Within the records below, find the line with "Шланг/патрубок рідинного охолодження" and the line with "Image 5 : IGLOO", then reproduce exactly those two lines and all lines between them, without any picture.

* **Materials provided**:
BEGIN

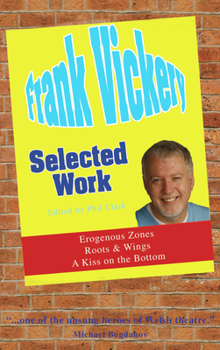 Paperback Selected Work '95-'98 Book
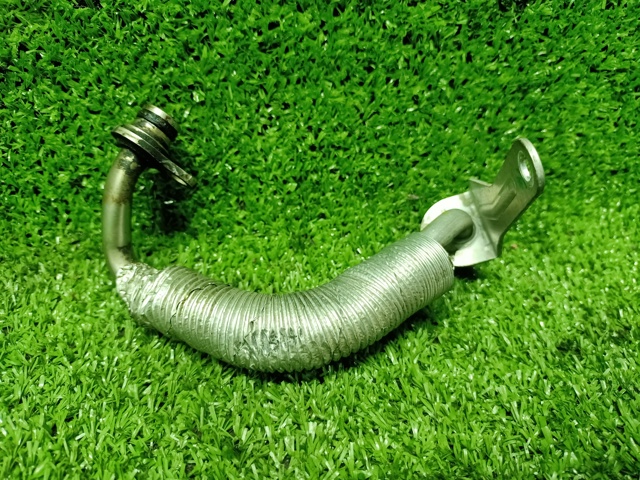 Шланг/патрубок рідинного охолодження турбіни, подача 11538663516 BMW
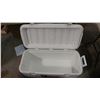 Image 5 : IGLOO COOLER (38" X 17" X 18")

END
BEGIN

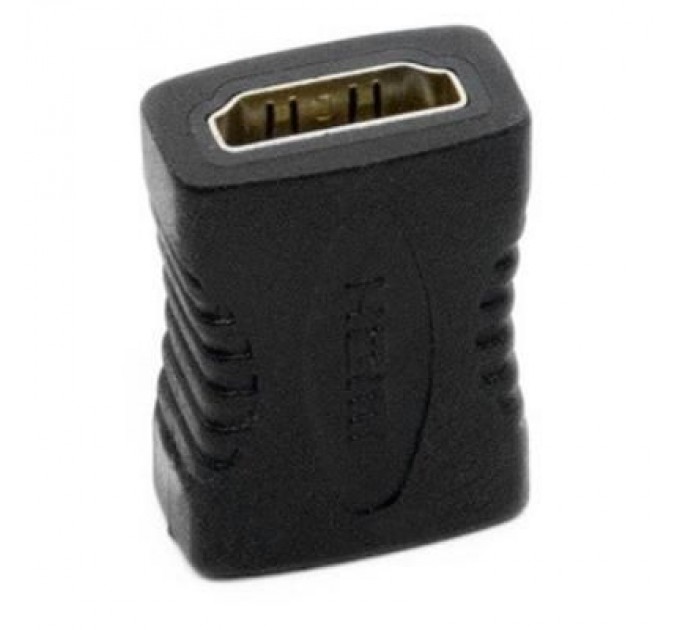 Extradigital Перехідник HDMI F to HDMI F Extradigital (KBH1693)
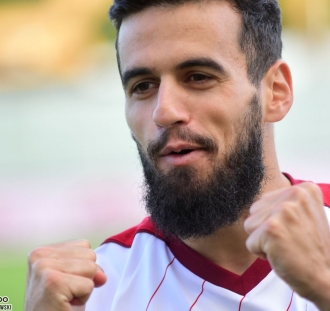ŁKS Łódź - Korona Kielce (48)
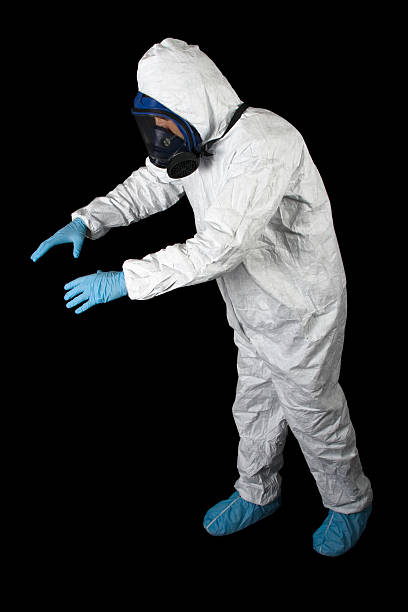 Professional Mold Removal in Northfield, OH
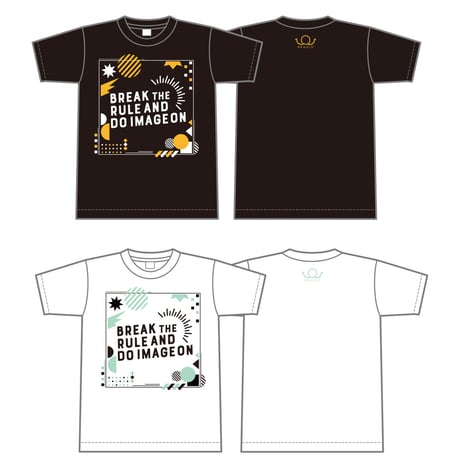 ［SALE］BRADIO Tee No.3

END

* **Answer to this problem**:
 Шланг/патрубок рідинного охолодження турбіни, подача 11538663516 BMW
 Image 5 : IGLOO COOLER (38" X 17" X 18")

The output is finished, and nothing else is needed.